Do odświętnego stroju gospodynie zakładały jasne, jedwabne fartuchy w kwiaty. Do pracy zaś służyły fartuchy z grubego płótna, farbowane na granatowo. Dawniej zapaski były długości spódnic, jednak z czasem zaczęto je szyć nieco krótsze. Odświętnymi dodatkami do stroju mężatek były także kryzy i korale. Jak w całej Wielkopolsce, w Kościańskiem kobiety także używały zapasek dla ochrony przed zimnem lub deszczem. Takie zapaski z grubego samodziału nazywano kuderkami, koderkami lub fartuchami. Miały one barchanową podszewkę oraz wąski, stojący kołnierzyk, który z przodu zapinano na haftki lub wiązano tasiemką. Jako zimowych okryć używano też kolorowych chust z frędzlami.

Gospodynie okrywały głowy białymi, płóciennymi lub tiulowymi kopkami (czepcami), zdobionymi koronką i złotym haftem z motywami rozmarynu. Z tyłu do czepka doszywano kolorowe wstążki.

Obrzędowość rodzinna

Chrzciny

Na rodziców chrzestnych chętnie wybierano bogatych gospodarzy. Po powrocie z uroczystości wygłaszali oni słowa: Wzięliśmy poganina, przynosimy wam chrześcijanina. Niech rośnie Bogu na chwałę, ludziom na pożytek, a rodzicom na pociechę (formuła ta w takiej lub podobnej formie funkcjonowała także w innych regionach Polski). Jeśli chrzczone dziecko nie skończyło jeszcze drugiego roku życia, to przeprowadzano dla niego wróżbę, która miała przepowiedzieć, jaki czeka je los. W tym celu kładziono przed nim książkę, pieniądz, różaniec i czepek. Jeśli dotknęło ono rączką książkę, oznaczało to, że będzie lubiło się uczyć, jeśli sięgnęło po pieniądz – miało zostać dobrym gospodarzem, jeśli po różaniec – osobą duchowną, a jeżeli po czepek – dobrą żoną lub mężem (Prałat i in. 2006: Zwyczaje rodzinne).

Wesele

Starania o pannę rozpoczynały się we czwartek. Tego dnia chłopak szedł na przeglądy ze swatem (swoim krewnym lub przyjacielem) do rodziców wybranki, a jeśli nie byli oni przeciwni ślubowi, to już w sobotę dawano na zapowiedzi, czyli zgłaszano w kościele zamiar wzięcia ślubu. W sobotni wieczór rodzice panny urządzali zmowiny, podczas których omawiano wysokość posagu. Przed ostatnią zapowiedzią narzeczony z drużbą zapraszali gości na wesele.

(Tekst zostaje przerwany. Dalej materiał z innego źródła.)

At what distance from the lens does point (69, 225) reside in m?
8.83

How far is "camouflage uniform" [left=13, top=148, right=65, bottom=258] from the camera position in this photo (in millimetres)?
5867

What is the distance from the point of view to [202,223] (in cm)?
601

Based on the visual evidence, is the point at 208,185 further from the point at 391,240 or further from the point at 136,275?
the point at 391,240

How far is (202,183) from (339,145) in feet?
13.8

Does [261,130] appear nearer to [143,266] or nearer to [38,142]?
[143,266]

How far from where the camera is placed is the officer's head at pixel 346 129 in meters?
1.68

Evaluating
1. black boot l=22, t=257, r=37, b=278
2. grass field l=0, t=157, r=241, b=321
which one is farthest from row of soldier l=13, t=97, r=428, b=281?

W dniu ślubu panna młoda była pięknie przystrojona w rozmaryn (w wierzeniach ludowych symbol wierności), mirt (symbol czystości i płodności) i kwiaty, a każda jej druhna przypinała sobie gałązkę rozmarynu, kwiaty i wstęgę. Swojemu drużbie druhna mocowała przy kapeluszu dużą gałązkę rozmarynu z długą wstążką, a na ramieniu kolorową chustkę z upiętymi na niej wstążkami i kwiatami.

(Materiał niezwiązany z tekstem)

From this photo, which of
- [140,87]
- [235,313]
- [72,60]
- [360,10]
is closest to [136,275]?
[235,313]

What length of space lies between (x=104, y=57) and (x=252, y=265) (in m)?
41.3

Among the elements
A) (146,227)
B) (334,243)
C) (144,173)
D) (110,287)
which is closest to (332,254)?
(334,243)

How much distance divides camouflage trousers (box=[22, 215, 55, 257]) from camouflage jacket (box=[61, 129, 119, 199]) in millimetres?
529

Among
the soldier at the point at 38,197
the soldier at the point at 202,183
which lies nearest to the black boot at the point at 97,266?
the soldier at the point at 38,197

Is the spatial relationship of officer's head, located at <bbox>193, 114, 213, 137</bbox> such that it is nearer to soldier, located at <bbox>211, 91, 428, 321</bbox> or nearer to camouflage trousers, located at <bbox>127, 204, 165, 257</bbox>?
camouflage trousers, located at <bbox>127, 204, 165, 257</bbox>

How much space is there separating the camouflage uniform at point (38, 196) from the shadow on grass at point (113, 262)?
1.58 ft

Przed mszą ślubną, w domu panny młodej starszy drużba wygłaszał przemowę, w której wychwalał zalety państwa młodych i przygotowywał ich na rozstanie się ze stanem kawalerskim i panieńskim. Następnie rodzice udzielali narzeczonym błogosławieństwa, po czym drużba kropił wszystkich święconą wodą.Podczas przejazdu do kościoła goście śpiewali piosenkę, popularną także w innych regionach kraju:

Siadajże, siadaj nasze kochanie,
Nic nie pomoże twoje płakanie,
Nic płakanie nie pomoże,
Stoją konie w ślubnym wozie.

Panna młoda zaś odpowiadała:

Nie będę jeszcze z wami siadała,
Bom się z matulą nie pożegnała.
Ostaj z Bogiem miła matko,
Wychowałaś ci mnie gładko.
Ostajże z Bogiem.

Nie będę jeszcze z wami siadała,
Bom się z tatulą nie pożegnała.
Ostaj się z Bogiem miły ojcze,
Bolały Cię na mnie ręce.
Ostajże się z Bogiem!

Nie będę jeszcze z wami siadała,
Bom się z ciotkami nie pożegnała.
Ostajcie się z Bogiem, ciotki,
Robiłyście na mnie plotki.
Ostajcie z Bogiem.
(Prałat i in. 2006: Zwyczaje rodzinne)

Na czele orszaku jechała narzeczona z druhnami, a także muzykanci, którzy przez całą drogę przygrywali weselnikom. Następnie jechali na koniach drużbowie, a dalej swaci z narzeczonym i rodziny weselników. Zwyczajem, którego dziś się już nie praktykuje, było odprowadzanie do ołtarza przez drużbę najpierw pana młodego, a później panny młodej. Podczas ślubu panna młoda niespodziewanie przydeptywała połę surduta swojego oblubieńca, ponieważ wierzono, że dzięki temu zabiegowi mieć będzie całe życie nad nim górę, on chodzić będzie w spódnicy, ona w portkach (Prałat i in. 2006: Zwyczaje rodzinne). Po ślubie pan młody, który wraz z żoną jechał pierwszym powozem, starał się uciec i ukryć w polu, jednak drużbowie dobrze go strzegli, dlatego ucieczka nigdy nie dochodziła do skutku. We wsi młodzież przewieszała przez drogę wieniec, który zmuszał orszak do zatrzymania się. Chłopcy zwalniali przejazd i winszowali nowożeńcom dopiero wtedy, kiedy drużba się wykupił. Także kucharki, które otwierały państwu młodym i gościom dom weselny, oczekiwały na opłatę. Jednym z wielu rytuałów weselnych było częstowanie plackiem dzieci i ubogich ludzi przez pannę młodą. Po tych zabiegach przystępowano do powinszowań, roznoszenia potraw i tańców. Na kościańskim weselu głównie bawiono się przy powolnym walcu, polce, poleczce i oberku, natomiast najpopularniejszymi instrumentami były skrzypce i dudy .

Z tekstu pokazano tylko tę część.